You have two options for setting up project context:

Option A: Let Claude generate it

claude init

Claude will analyze your codebase and generate an initial CLAUDE.md with information it finds: your stack, common patterns, file structure, testing approach. Review what it creates and adjust to match your preferences.

Option B: Create it manually

Create a file called CLAUDE.md at your project root. Start with 5-10 lines of the most important information:

# Analytics Project

## Common Commands
- `dbt run -s model_name` - run specific model
- `dbt test -s model_name` - test specific model
- `dbt docs generate && dbt docs serve` - view docs

## Style
- Use trailing commas in SELECT
- CTEs ordered: imports, logical, final
- Snake_case for all identifiers

## Warehouse
BigQuery

Either way works. claude init gives you a head start, but you'll likely refine it over time as you notice patterns Claude gets wrong or context that's particularly useful.

This gives Claude the context that prevents most "wait, that's not how we do it" moments. You can add more later as you notice patterns Claude gets wrong.

What to try next

Once you've generated your first model, here are three things that give quick results:

"Write tests for [model]"

Claude looks at your schema, identifies primary keys, and generates appropriate tests: uniqueness, not_null, accepted_values where relevant.

"Explain why this model is failing"

Copy the error message into your prompt. Claude will look at the model, trace dependencies, and often identify the issue faster than digging through logs yourself.

"Add documentation to models/marts/mrt__site_performance.yml"

It reads the model, understands what it does, and writes useful descriptions of what the fields mean.

Common first-day issues

Permission prompts getting repetitive?

Hit Shift+Tab to switch to "accept edits" mode. You'll still see diffs, just fewer interruptions.

Claude going off track?

Type /clear and start over. Sometimes conversations drift. Reset and rephrase.

Not sure what's happening?

Use /help or just ask Claude "what are you doing?" or "what tools do you have available?"

Concerned about costs?

If you're using a subscription, costs aren't a concern for learning but you can check your usage with the command /usage. If you're on API, Claude can show token usage and cost in the status line.

The shift in how you work

Using Claude Code changes the nature of the work. Instead of spending 20 minutes writing a base model, you spend 20 minutes building five base models together. Refactoring becomes a conversation: "We need to standardize how we handle customer IDs across these twelve models."

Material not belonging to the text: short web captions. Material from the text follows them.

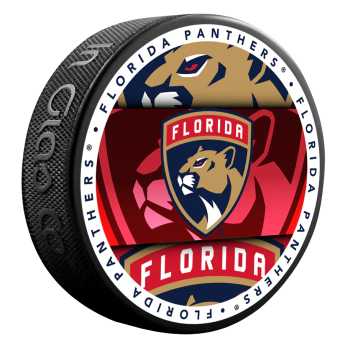 Florida Panthers puk Medallion Souvenir Collector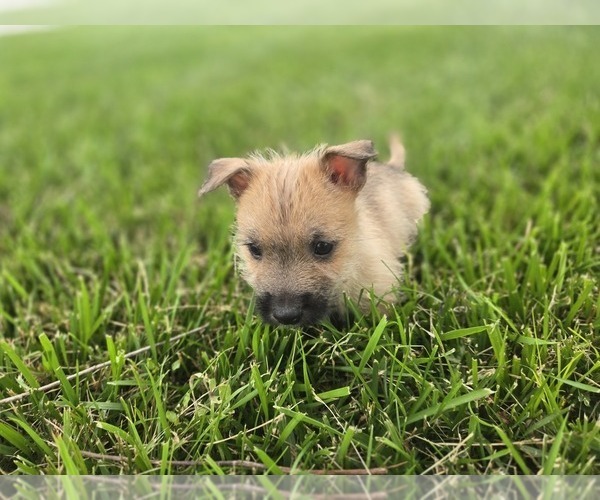 Medium Photo #9 Cairn Terrier Puppy For Sale in CARLYLE, IL, USA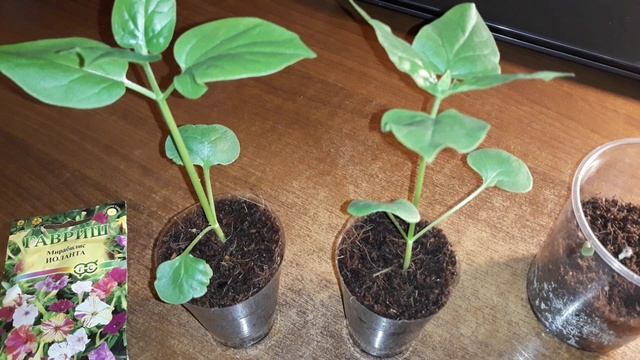 МИРАБИЛИС . КОГДА САЖАТЬ.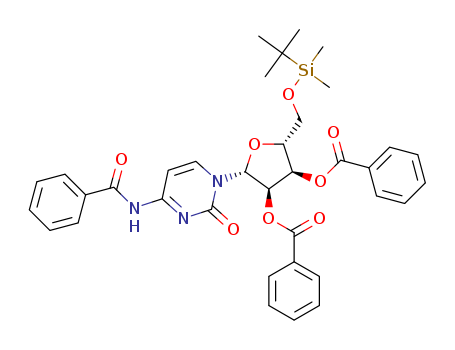 Click to see the large picture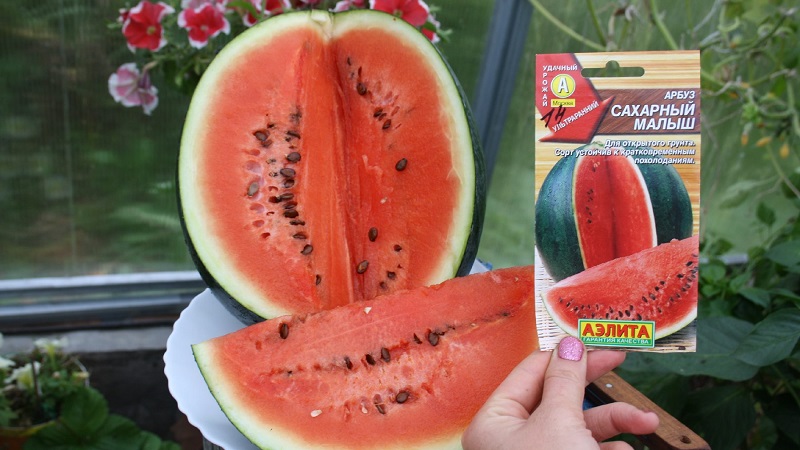 Eine Sorte, die auch in den nördlichen Regionen des Landes angebaut werden kann - Wassermelone Sugar Baby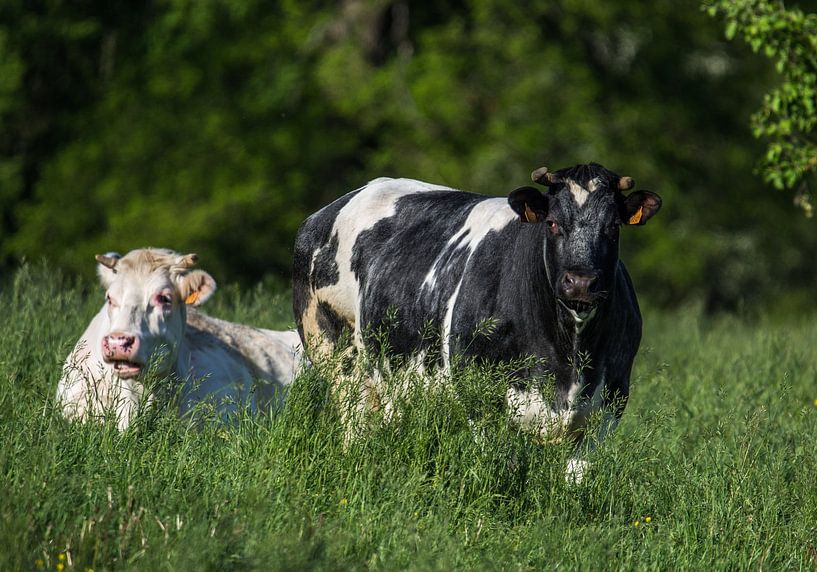 agricultural life by Bart Liesenborgs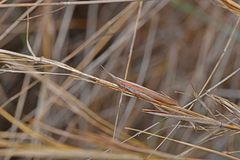 Brachycrotaphus tryxalicerus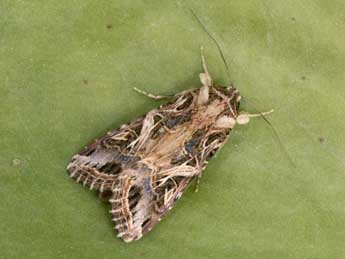 Spodoptera littoralis Bsdv. adulte - ©Philippe Mothiron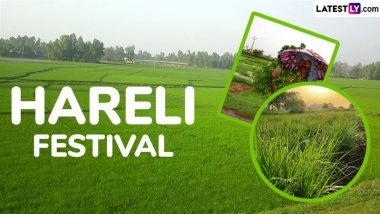 Hareli Tihar 2025 Wishes and Images: Social Media Users Share Greetings, Videos and Wallpapers on X To Celebrate Chhattisgarh’s Hareli Festival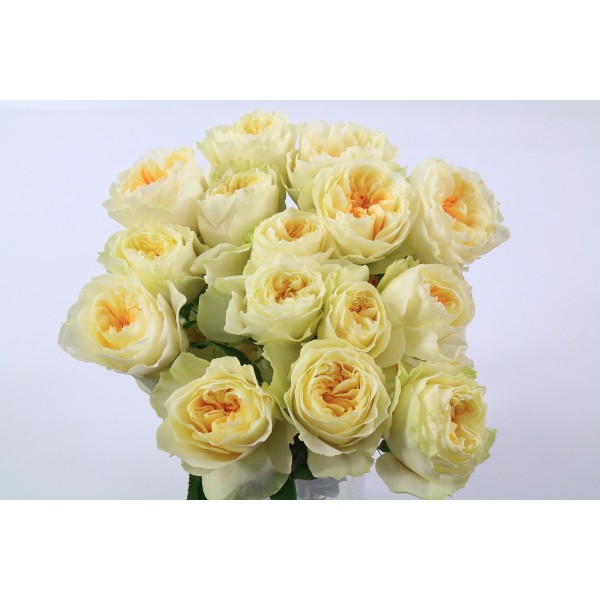 ROSA EC GARDEN ANTONIA Inaltime:60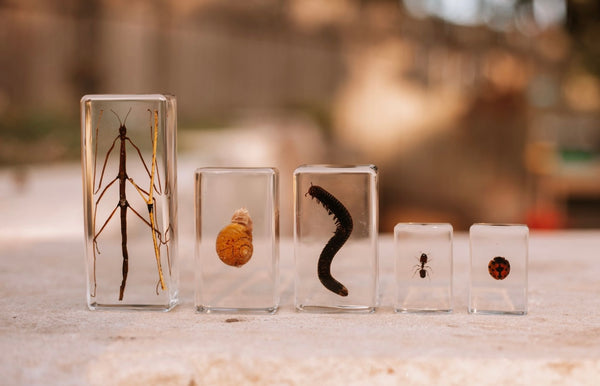 Garden Bug Specimen Set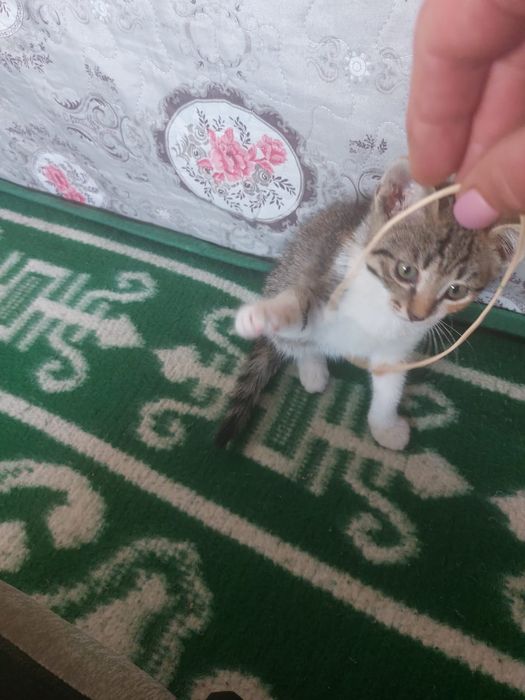 Отдам котенка (девочка )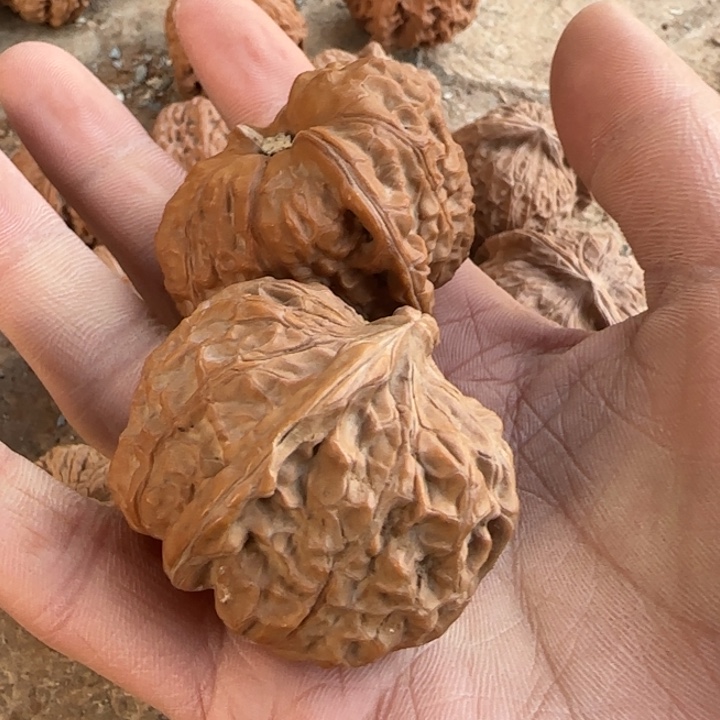 舍***&文玩核桃把件南瓜墩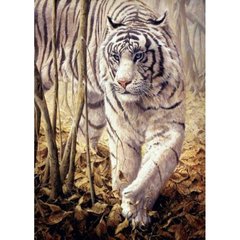 Алмазна мозаїка, без підрамника "Білий тигр" 30х40 см купити в Україні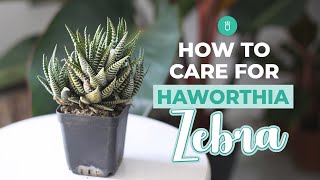 How to care for Haworthia Zebra  Tips for growing Haworthia Succulent [upl. by Dorise]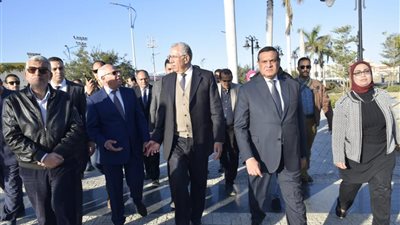 وزيرا التنمية المحلية والزراعة ومحافظ بورسعيد يفتتحون أعمال تطوير منطقة فاطمة الزهراء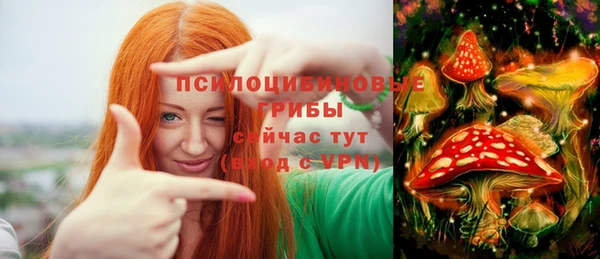 jwh Белокуриха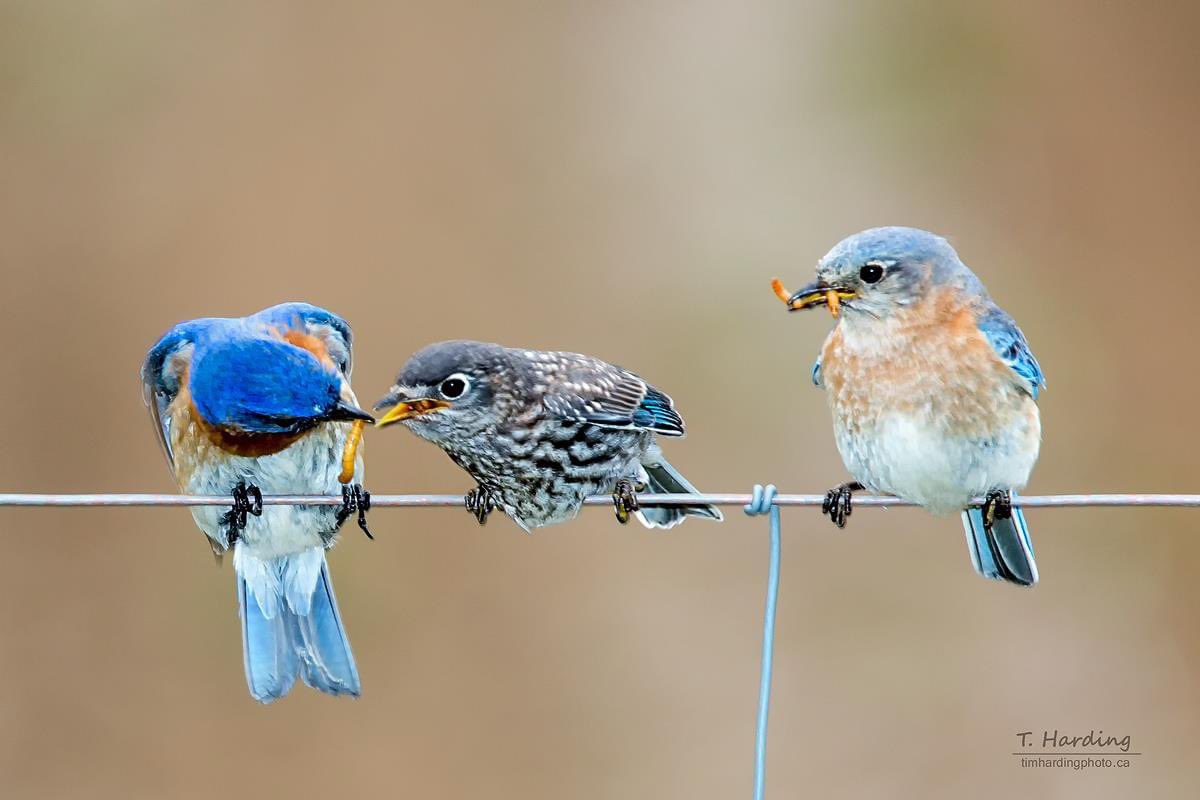 Eastern Bluebirds #birdphotography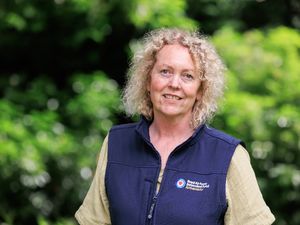 Supporting image for story: 'The RAF Family is never alone' - Shropshire veteran pays tribute to 'The Few' ahead of Battle of Britain Day anniversary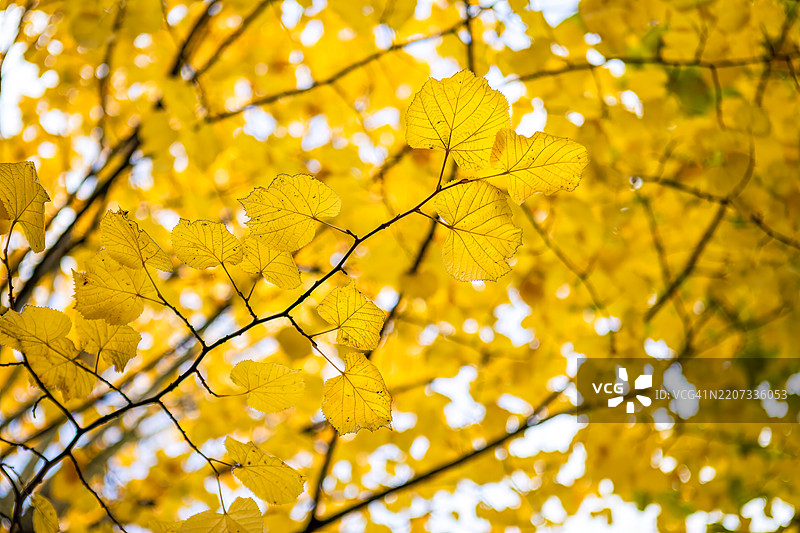 秋天的色彩图片素材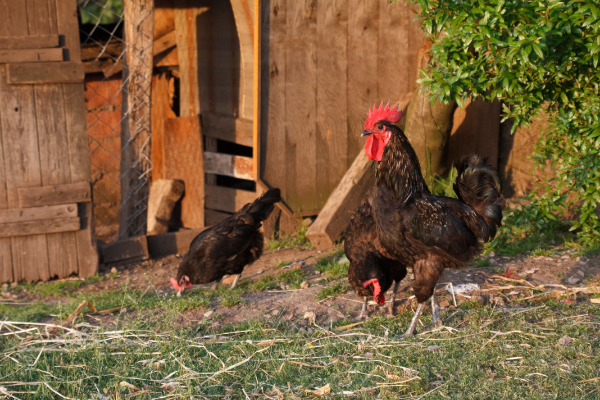Deutscher Langschan Hahn und zwei Hennen die nach Gras picken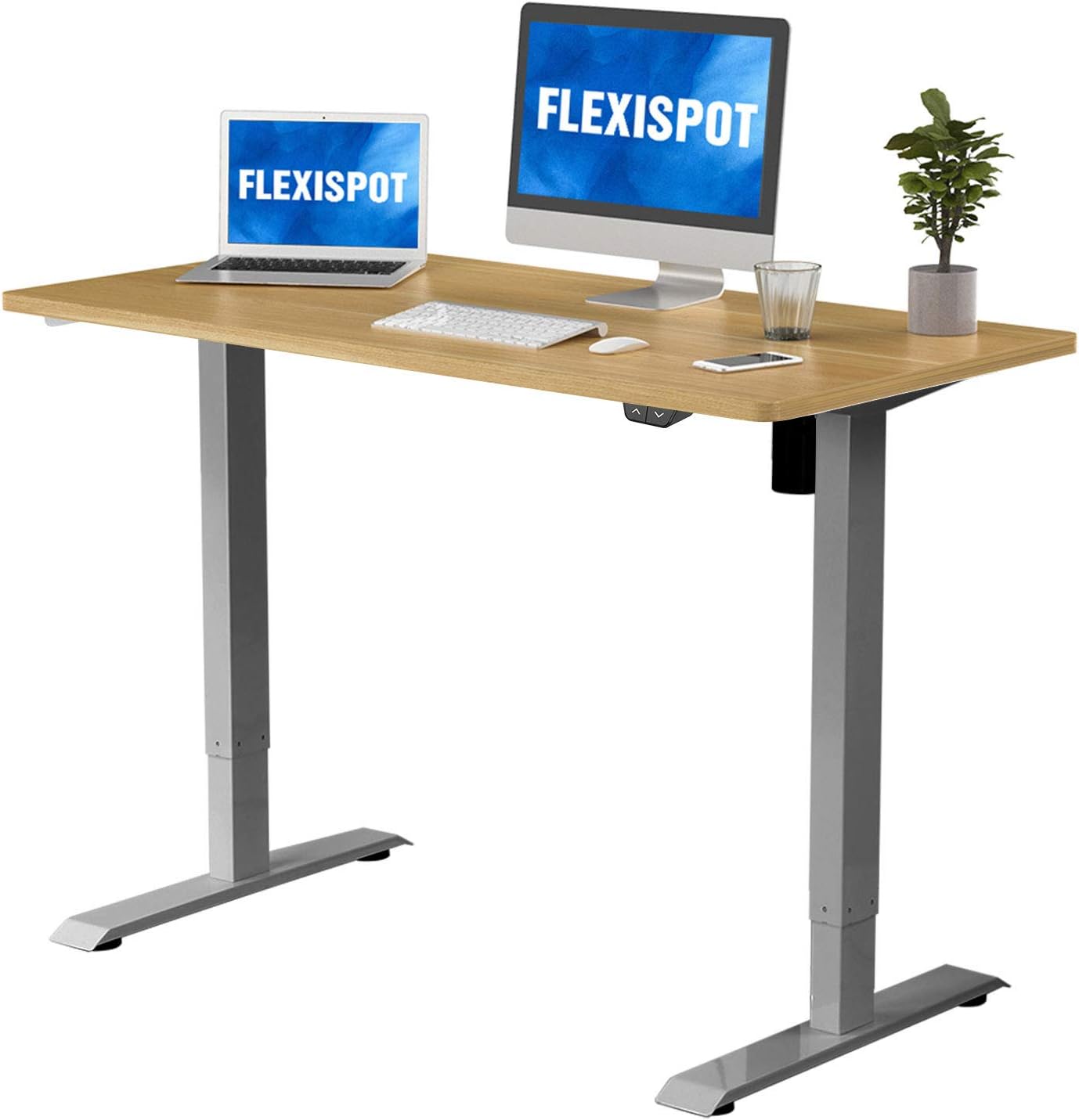 FLEXISPOT EC1 Height Adjustable Desk 48 x 24 inch Electric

The tool isn't magic. It makes mistakes. You'll review everything it does (and you should). But it shifts the work from "writing boilerplate" to "directing the work and reviewing the output."

That's a much better way to spend your time.

Getting started

Install it, authenticate, run claude in your project directory. Ask it to explain something. Then ask it to build something small. Review the output. Iterate.

You can add more configuration later: hooks, custom commands, advanced permissions. For now, just get that first useful output.

Start with the basics and build from there.